While cutting is one method of self-harm, there are many other forms. Some of these include burning, hitting, scratching, or pulling out hair (which is called trichotillomania). There is no one form of self-harm, and it may not appear the way you expect it to.
Along these lines, it is important to note that it is unhelpful to try to determine a “severity” of the injuries or to compare anyone’s individual experiences. Self-harm is self-harm, and it is always an unhealthy behaviour.
3. People who self-harm are suicidal.
Sometimes a person who self-harms does go on to commit suicide, but the two are completely separate acts. Self-harm itself is not done with the intention of ending one’s life, and that is the most important difference. It is usually an attempt at managing stress and coping with overwhelming emotions.
Most people who self-harm do not want to die; they are just trying to deal with life. Unfortunately they’ve learned an unhealthy method of coping. Sometimes, though it seems counterintuitive, it’s even a means of avoiding suicide.
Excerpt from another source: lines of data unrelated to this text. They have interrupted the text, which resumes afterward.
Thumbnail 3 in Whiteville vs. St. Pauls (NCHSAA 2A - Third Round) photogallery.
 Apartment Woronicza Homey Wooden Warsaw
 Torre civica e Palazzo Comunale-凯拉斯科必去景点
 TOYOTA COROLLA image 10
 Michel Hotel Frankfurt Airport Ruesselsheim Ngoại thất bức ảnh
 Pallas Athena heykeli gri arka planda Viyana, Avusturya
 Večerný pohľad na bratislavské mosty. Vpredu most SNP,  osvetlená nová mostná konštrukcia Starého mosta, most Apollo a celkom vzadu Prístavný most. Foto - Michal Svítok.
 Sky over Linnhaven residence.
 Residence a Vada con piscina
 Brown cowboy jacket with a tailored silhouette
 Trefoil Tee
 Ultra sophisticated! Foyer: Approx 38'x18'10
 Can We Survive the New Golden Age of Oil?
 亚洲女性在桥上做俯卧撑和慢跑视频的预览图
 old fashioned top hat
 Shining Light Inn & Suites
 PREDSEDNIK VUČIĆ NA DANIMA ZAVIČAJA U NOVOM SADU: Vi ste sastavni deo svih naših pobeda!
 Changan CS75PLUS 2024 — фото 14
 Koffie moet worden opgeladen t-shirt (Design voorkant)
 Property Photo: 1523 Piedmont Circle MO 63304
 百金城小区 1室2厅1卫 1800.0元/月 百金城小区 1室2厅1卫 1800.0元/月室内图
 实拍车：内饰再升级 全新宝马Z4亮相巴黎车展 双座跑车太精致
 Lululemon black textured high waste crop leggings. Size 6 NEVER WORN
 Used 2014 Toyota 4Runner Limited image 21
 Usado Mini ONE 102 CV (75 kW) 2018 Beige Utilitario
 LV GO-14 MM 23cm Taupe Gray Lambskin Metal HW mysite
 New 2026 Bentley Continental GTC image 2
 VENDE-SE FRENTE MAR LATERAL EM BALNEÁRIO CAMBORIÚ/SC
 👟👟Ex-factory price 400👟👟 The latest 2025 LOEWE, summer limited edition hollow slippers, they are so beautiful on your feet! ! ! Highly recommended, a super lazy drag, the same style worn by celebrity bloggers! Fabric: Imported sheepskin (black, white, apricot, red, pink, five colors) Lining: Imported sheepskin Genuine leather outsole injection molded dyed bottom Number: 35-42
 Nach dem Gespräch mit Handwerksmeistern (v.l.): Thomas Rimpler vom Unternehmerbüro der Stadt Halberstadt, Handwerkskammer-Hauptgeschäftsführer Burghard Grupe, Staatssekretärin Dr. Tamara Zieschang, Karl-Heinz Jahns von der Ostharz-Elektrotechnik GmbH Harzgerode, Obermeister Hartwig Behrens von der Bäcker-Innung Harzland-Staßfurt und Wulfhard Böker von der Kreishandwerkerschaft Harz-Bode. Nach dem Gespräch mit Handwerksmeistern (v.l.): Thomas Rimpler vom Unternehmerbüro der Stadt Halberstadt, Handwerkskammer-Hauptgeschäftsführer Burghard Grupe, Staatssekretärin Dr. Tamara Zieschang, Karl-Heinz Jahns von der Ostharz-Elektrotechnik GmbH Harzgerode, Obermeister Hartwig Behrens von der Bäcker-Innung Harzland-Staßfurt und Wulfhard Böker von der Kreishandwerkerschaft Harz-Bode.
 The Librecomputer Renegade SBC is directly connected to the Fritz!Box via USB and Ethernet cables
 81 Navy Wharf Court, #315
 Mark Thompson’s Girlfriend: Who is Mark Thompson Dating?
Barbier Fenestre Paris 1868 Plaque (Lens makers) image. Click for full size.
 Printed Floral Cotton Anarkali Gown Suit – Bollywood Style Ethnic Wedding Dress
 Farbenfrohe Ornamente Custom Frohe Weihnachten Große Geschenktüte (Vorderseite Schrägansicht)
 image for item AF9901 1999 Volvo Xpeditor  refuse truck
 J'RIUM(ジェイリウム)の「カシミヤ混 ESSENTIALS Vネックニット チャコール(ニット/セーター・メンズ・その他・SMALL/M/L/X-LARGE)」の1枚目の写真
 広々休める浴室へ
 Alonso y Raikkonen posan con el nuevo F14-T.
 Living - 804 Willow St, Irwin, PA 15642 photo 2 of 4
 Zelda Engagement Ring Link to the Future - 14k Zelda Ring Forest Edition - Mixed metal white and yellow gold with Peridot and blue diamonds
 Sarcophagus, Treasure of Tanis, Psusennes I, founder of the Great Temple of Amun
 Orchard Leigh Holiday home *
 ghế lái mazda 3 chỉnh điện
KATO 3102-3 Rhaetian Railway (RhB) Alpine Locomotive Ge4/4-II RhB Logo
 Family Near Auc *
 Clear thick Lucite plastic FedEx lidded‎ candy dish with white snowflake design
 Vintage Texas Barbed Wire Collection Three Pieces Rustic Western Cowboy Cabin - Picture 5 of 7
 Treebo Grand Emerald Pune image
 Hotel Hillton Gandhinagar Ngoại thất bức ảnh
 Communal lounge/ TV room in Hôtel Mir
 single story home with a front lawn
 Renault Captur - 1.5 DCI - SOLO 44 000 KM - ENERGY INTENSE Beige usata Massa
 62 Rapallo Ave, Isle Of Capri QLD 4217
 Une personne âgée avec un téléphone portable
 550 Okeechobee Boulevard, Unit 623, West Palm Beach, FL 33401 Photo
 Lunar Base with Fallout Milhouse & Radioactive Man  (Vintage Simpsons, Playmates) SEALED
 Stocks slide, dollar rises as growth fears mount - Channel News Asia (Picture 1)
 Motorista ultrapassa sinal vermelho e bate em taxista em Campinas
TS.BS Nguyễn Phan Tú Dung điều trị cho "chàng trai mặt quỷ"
For my own story, in recent years I’ve also been working through body confidence issues and have started wearing a regular bathing suit (instead of shorts). At first I was terrified of people seeing my scars. While I’ve got them in different places on my body, the most dense area is my upper thigh.
I decided to get a tattoo over top to transform my scars into something beautiful. It was an incredible part of the healing process for me and has marked a new part of my life too – choosing to love myself instead of hate and being able to deal with life in a healthier manner.
Self-harm can become an addictive behaviour which makes it extremely difficult to stop once the cycle has begun. If you struggle with self-harm, I encourage you to confide in someone you trust and seek professional help. You can learn better, healthy coping skills that will eventually take the place of the self-harming behaviours. It will be difficult, take a lot of time, and there will likely be relapses, but I can say from my own experience, that it is so worth it.